The early Mesopotamian civilizations used chariots of war, but not mounted cavalry. Furthermore, at the earlier years, the advent of riding horses changed the life of the civilizations. A large number of troops could move quickly over long distances and probably contributed to the largest scale wars.
It also changed certain power balances for the myriad of the great empires. The Turkic Khaganate is a prime example, which stretched from the Far East to the North Caucasus in the Seventh Century AD. Even at the beginning of the 20th century, the cavalry remained a powerful shock force, often deciding the outcome of the battle, if not the war.
The discovery has been published in the Journal of Archaeological Science titled “Early evidence for horse utilization in the Eurasian steppes and the case of the Novoil’inovskiy 2 Cemetery in Kazakhstan.” The discovery happened during the excavations of one of the burial mounds “Novoilinovsky-2” in Kazakhstan.
About three and a half millennia ago, the carriers of the Andronovo culture of the bronze age buried their dead here. Archaeologists have found the remains of a stallion and a mare. In itself, this is not surprising. It has long been known that people of Andronovo tribes raised horses for meat (a tradition that is preserved in the Kazakh steppes to this day).
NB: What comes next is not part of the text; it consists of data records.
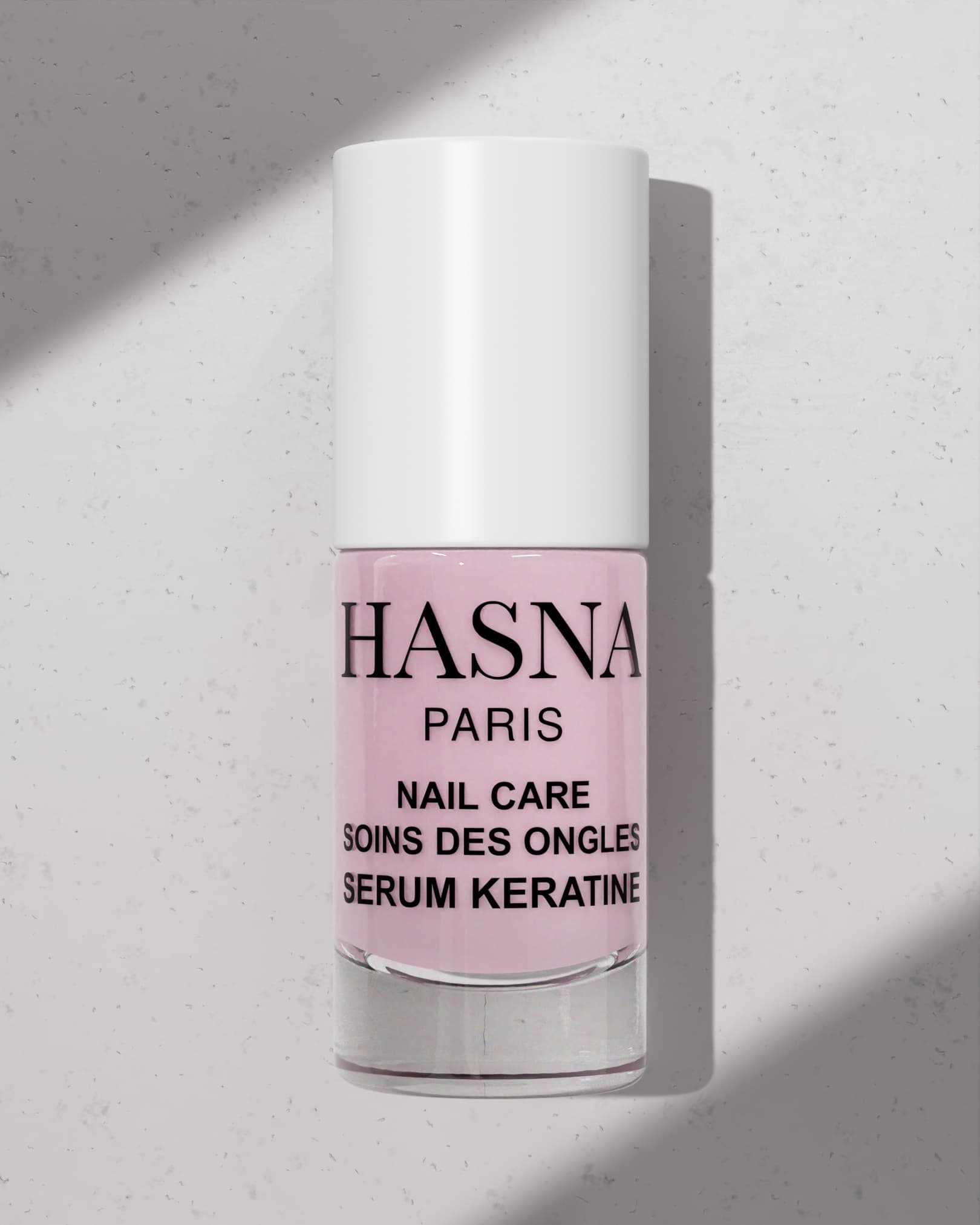 Sérum Kératine Réparateur Ongles
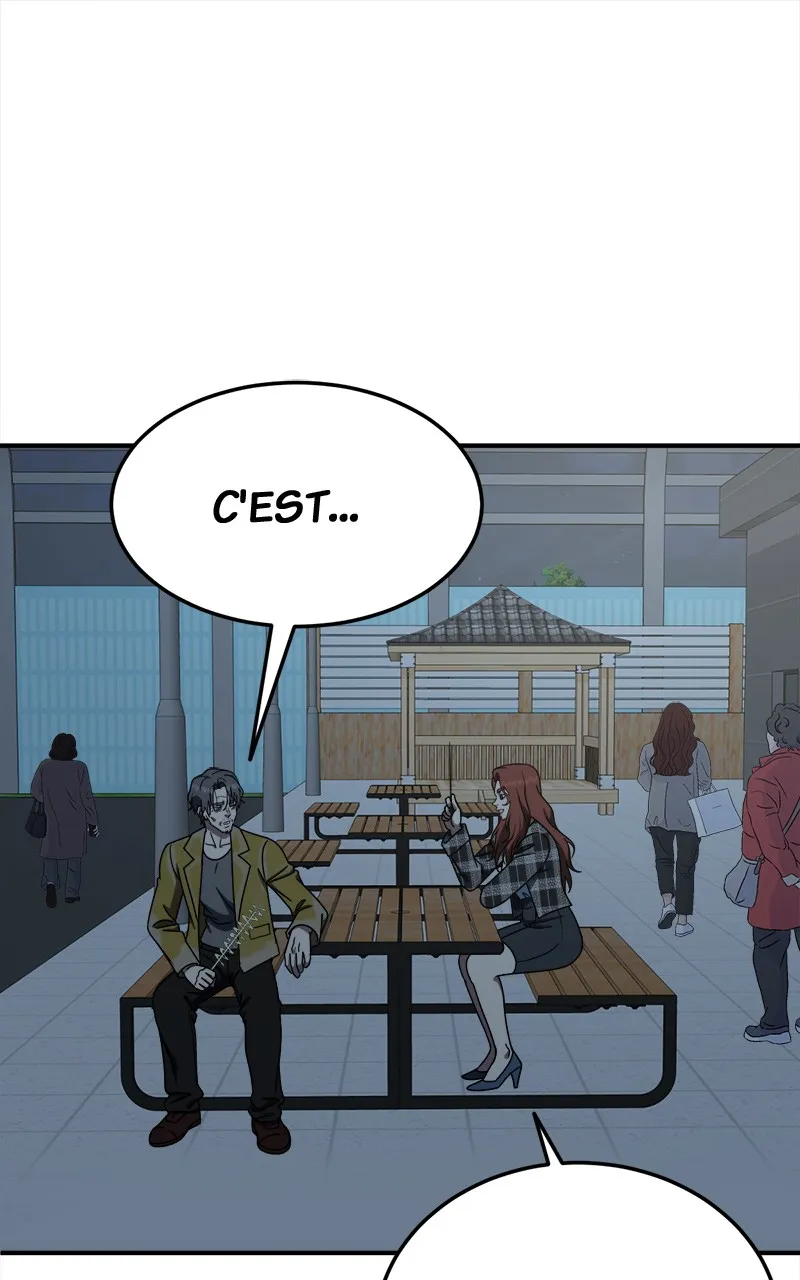 Read Change-Moi FR Manga Online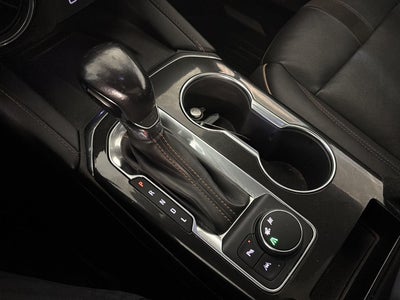 2019 Chevrolet Blazer Premier
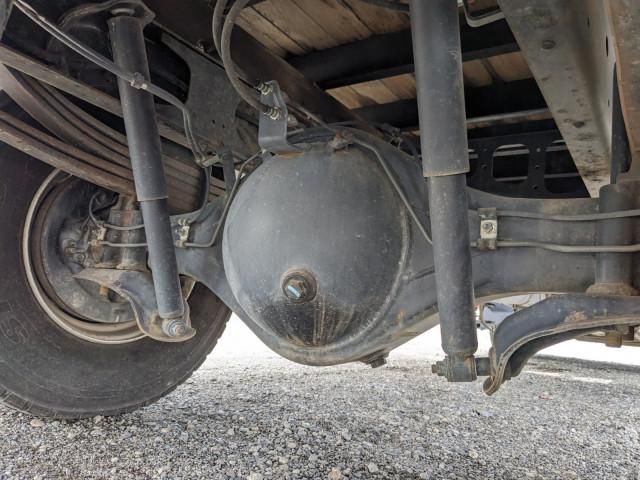 HINO RANGER 2019 Image 31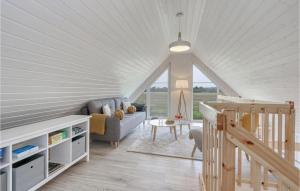 2 Bedroom Lovely Home In Zerpenschleuse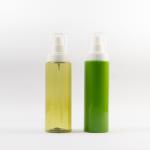 Pcr Bottle PET Plastic Bottle Cosmetic Bottle Packaging Skincare Bottle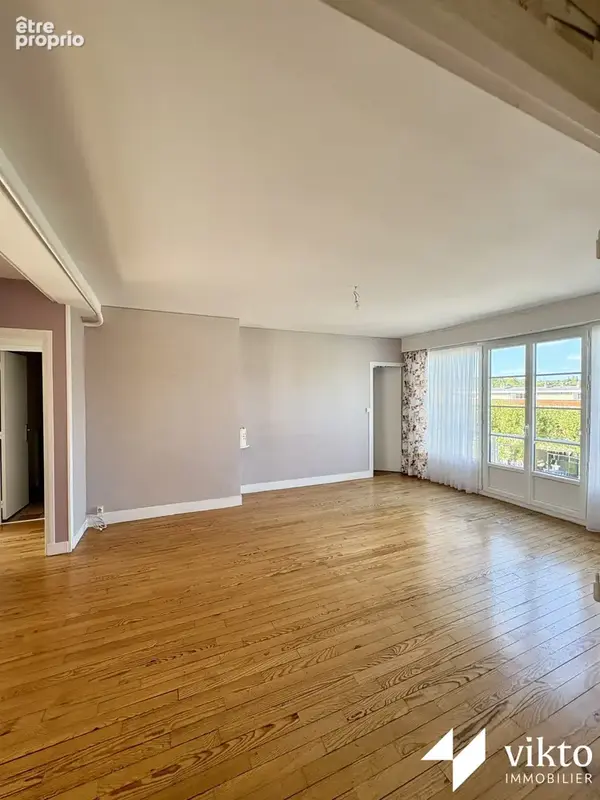 Appartement à LISIEUX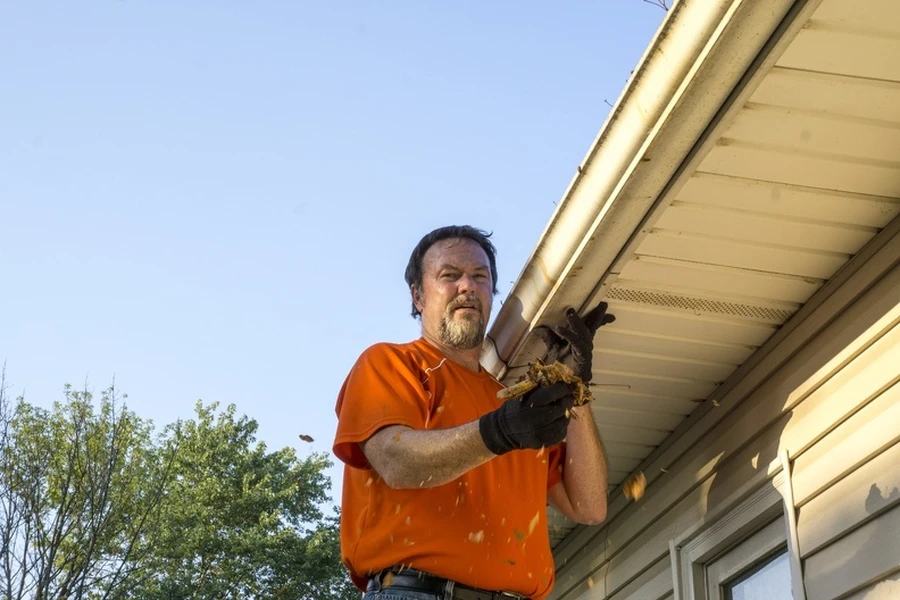 The Importance Of Gutter Cleaning For Roof Longevity in Hayward, CA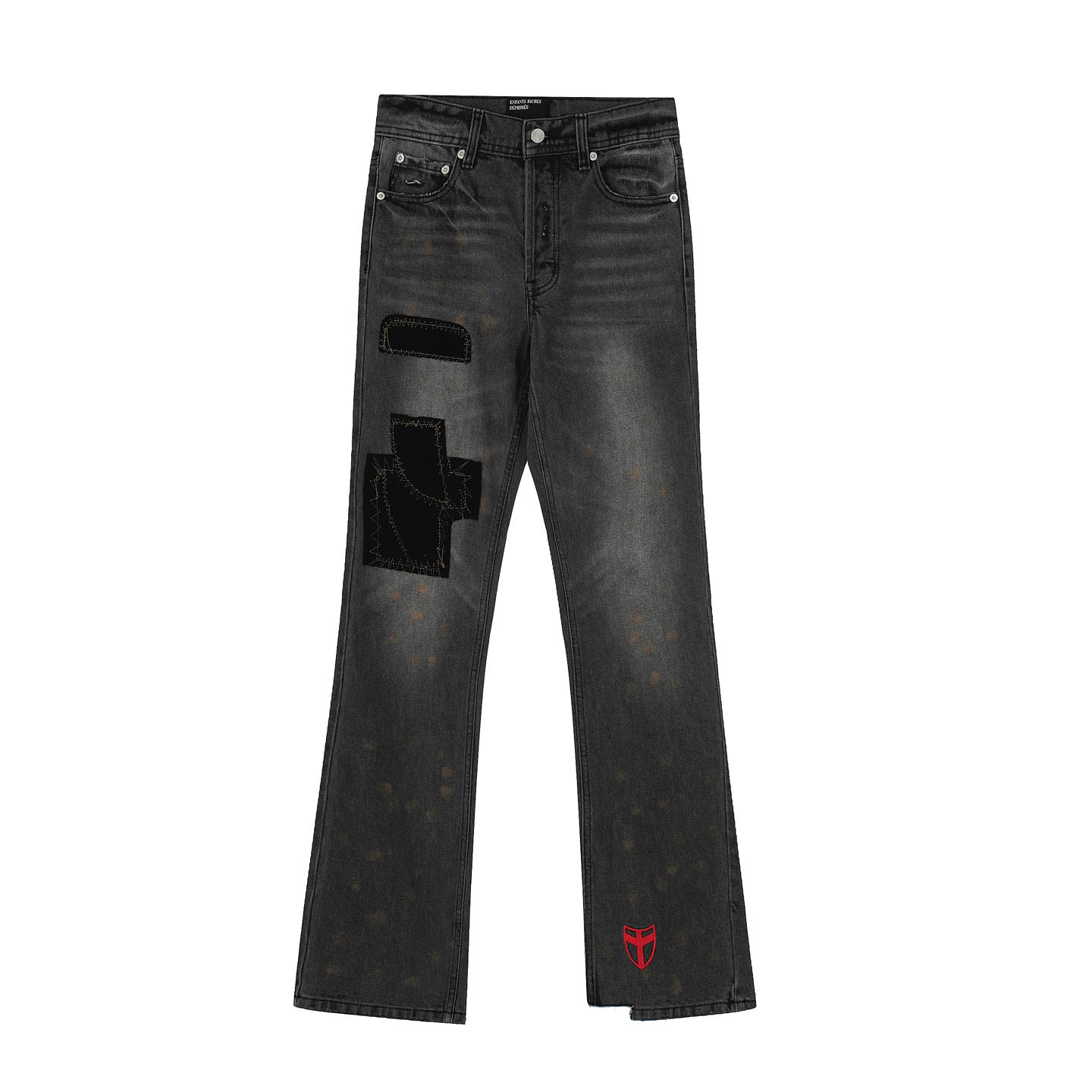 Enfants Riches Déprimés Jeans - DesignerGu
After determining the age of the animals, it created a big excitement within history enthusiasts. The stallion at the time of death was about twenty years old, and the mare about 18. Additionally, next to the horses were found parts of ancient bridles.
But this is not all. Experts found pathological changes in the animals’ skulls, which were probably caused by the constant wearing of a harness. This is also indicated by the marks on the horse’s cheekbones.
Archaeologists strongly believe that these horses were used for riding, and not just harnessed to chariots. Using the radiocarbon method, experts determined the age of the find with an accuracy of several decades.
According to one of the authors of the article, “the materials suggest that armed horsemen who fought on horseback could have appeared in the Eurasian steppes no later than 1600 BC.” He believes that the rider buried with his horses belonged to the powerful elite of ancient society. However, the role of this layer in the life of the Andronovo remains a subject of debate.
Another hypothesis is that armed horsemen were a kind of bronze age sheriffs. They kept order and settled conflicts, for which they were respected by their tribesmen, and received generous offerings from them. It is possible that the truth is somewhere in the middle.
Any government is interested in maintaining order on its territory, but at the same time, the burden of its maintenance might not be so voluntary.